“That’s An Interesting Idea, But…”

A few posts back, my friend Loveland wrote about PR people playing the role of Chief Wet-Blanket Officer (CWO) for their organizations — dampening expectations so that reality, when it arrives as it inevitably does, doesn’t disappoint by comparison.

I’d extend the duties of the CWO to include the occasional gentle handling of an idea that comes from within an organization that 1) someone thinks would make great PR while 2) we lofty PR professionals don’t.

Today, Starbucks is closing almost all of its U.S. locations, more than 7,000 of them, for three hours to do employee training. It’s the kind of thing I could see the PR/CWO hearing about and naysaying — “Interesting, sure, but not a lot of PR ammo here, really. Next agenda item.”

But, as it happens, I’ve been hearing about this story all day. A nice coverage coup for Starbucks, and a reminder, perhaps, to encourage the keeping of one’s wet-blanketing reflexes from becoming too smothering.

– Hornseth

8 thoughts on ““That’s An Interesting Idea, But…”

  1. jmaustin says:

    Far be it for me to disagree – or maybe I’m agreeing – with my colleague, but I do. I think the Starbucks idea was a huge mistake that served only to highlight for people that Starbucks is in trouble and the PR people – or someone – should have drowned this idea in a sopping wet blanket. A three-hour stop to the day to teach employees how to correctly make their basic product? To practice basic customer service like “make eye contact” and “say thank you”?

    Pretty far fall from a company that regularly makes all those lists – “Most Admired”, “Best to Work For”, etc. Their tactic simply draws attention to the fact that they’ve over-expanded and let the quality of their product deteriorate.

    – Austin

  2. Hornseth says:

    My attempted point had more to do with the job of predicting whether the idea would play than whether it was a smart message, but Austin raises an even more interesting question (that’s so like him).

    But in any case I’m not persuaded by it and will disagree right back at my right honorable friend.

    What do you think, Crowd? Would Starbucks take that one back if they could?

  3. Kelly Groehler says:

    You’re applauding the quantity of coverage as “good PR,” when the real value is in what it says about the organization, and further, how public sentiment is affected by it. I’m with Austin on this one.

    (That said, I’m sure this body of work will be entered for an industry award, with impression numbers in the bajillions used to validate it success. Because, you know, that’s what good PR is.)

  4. jloveland says:

    Rather than judging it by how it turned out, I think you have to look at the pre-training risk equation.

    To me, the day this idea came up at Starbuck’s the list of potential pros (e.g. improved service, spotlight quality improvement culture, etc.) would have been slightly less compelling that the list of potential cons (e.g. lost revenue, spotlight expansion-driven erosion of service quality, etc.), so I would have counseled against. But it’s a close call.

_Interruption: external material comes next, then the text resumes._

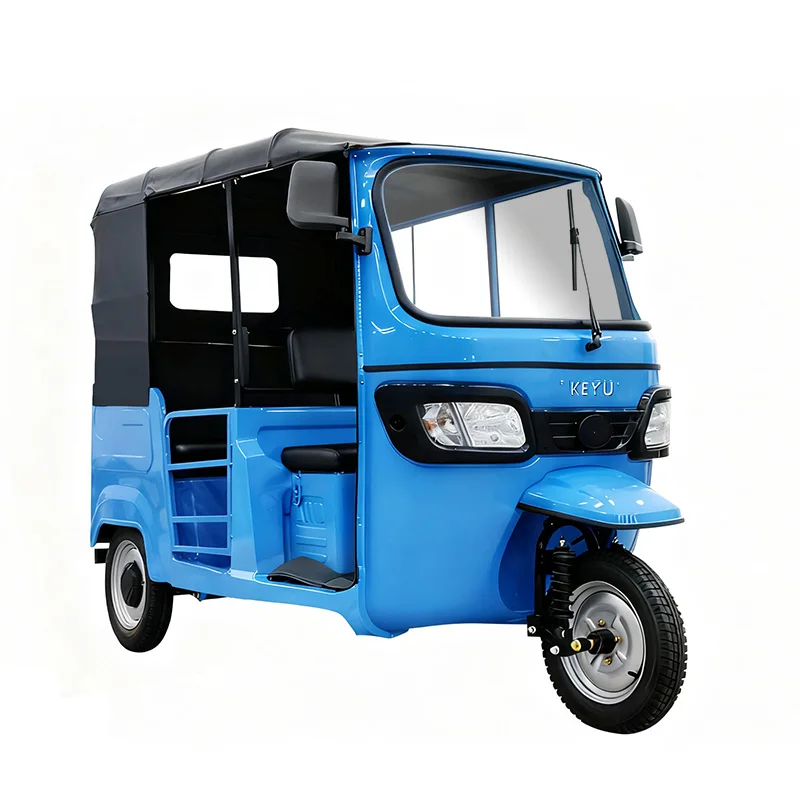 KEYU China New Pure Electric Blue 4 Seat Open Tuk Tuk Electric Tricycles for Passengers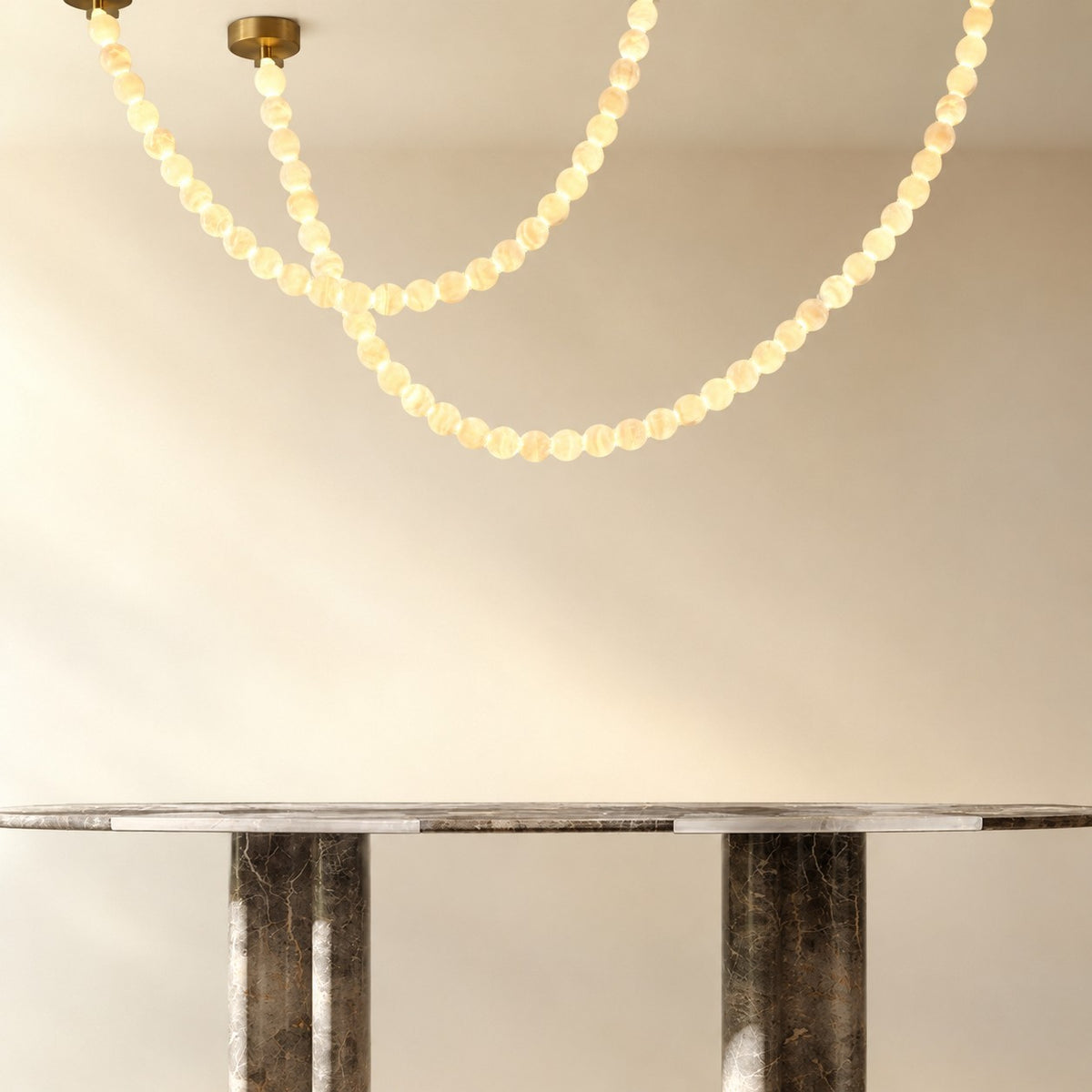 Natural Alabaster Globes Beads Chandelier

    I am pretty surprised they didn’t encounter more of a “Expansion-Stressed Starbuck’s Scrambles To Stem Quality Erosion” vibe. That would have been pretty damaging, especially because there is considerable truth behind it. But even now that I know that they seem to have avoided that kind of hit, I would’ve argued for training in a way that is less disruptive and more below the radar.

    P.S. Great post and topic Hornseth.

  5. Kelly Groehler says:

    I think it’ll be telling to see how the story continues to play out – maybe the vibe isn’t there now, but let some business pundits and bloggers sink their teeth into it, and it may go that way. Better said – I’ll be surprised if it doesn’t, given the macro conditions.

    P.S. Ditto, Hornseth, despite the wet blanket I tossed back over it.

  6. Hornseth says:

    No, I don’t contend that impression numbers make this “good” (forgive me if I give that, well, impression). Although I admit I was struck and surprised by them in this case.

    I’m just not persuaded that the result is reflecting badly on the organization. If it is, I’m not seeing it much in the coverage. At least not yet, anyway.

    If it turns out that way, then sure, bad. But the takeaway I’m seeing is “company that’s admittedly in the midst of a bit of a a slump commands attention for doing something sort of novel to address it.”

  7. Hornseth says:

    And good points, Kelly and Joe. At any rate, I think we may have identified a new term: Retroactive Wet-Blanketization. Or something like that.